Using git revert has added a new commit which reverses exactly the changes made in the specified commit (after solving the conflict).

This is yet another good example of why making separate commits for each change is a good idea, so they can, potentially, be reversed if needed in the future with no fuss.

reset vs revert

Both commands let you undo things done in the past, but they both have very different use cases.

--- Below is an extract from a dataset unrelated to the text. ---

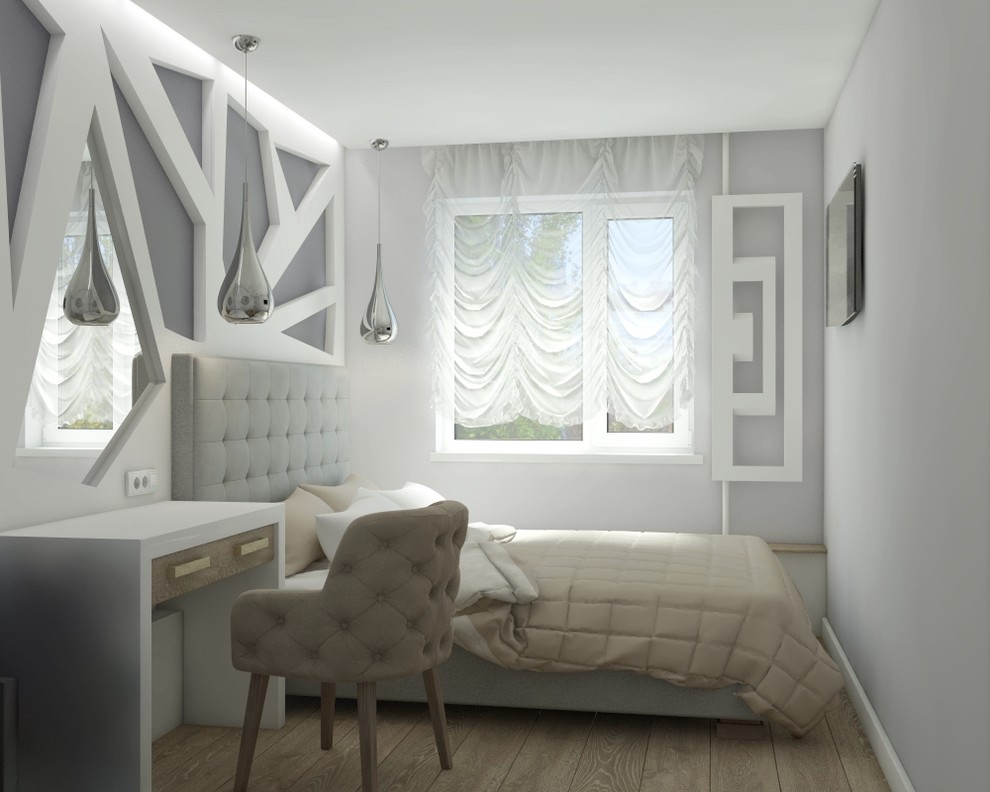 Перепланировка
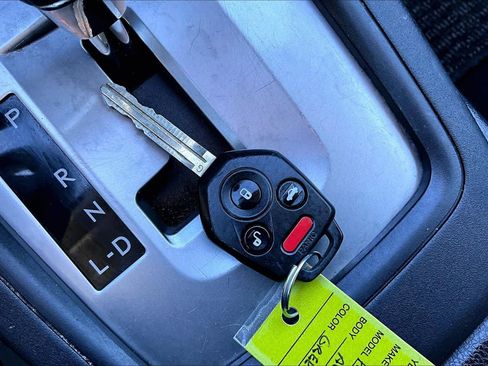 Used 2017 Subaru Forester 2.5i w/ Alloy Wheel Package image 14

  • reset uses brute force, potentially with destructive consequences, to make those changes and is suitable only if the work has not been shared with others already. Use when you want to get rid of recent work you’re not happy with and start all over again.
  • revert is more lightweight and surgical, to target specific changes and creating new commits to history. Use when code has already been shared with others or when changes are small and clearly isolated.

Set aside your work safely with stash

It is not rare that, while you are working on some feature, you need to check something else in another branch. Very often this is the case when you want to try some contributor’s code as part of a pull request review process (see next episodes). You can commit the work you are doing, but if it is not in a state ready to be committed, what would you do?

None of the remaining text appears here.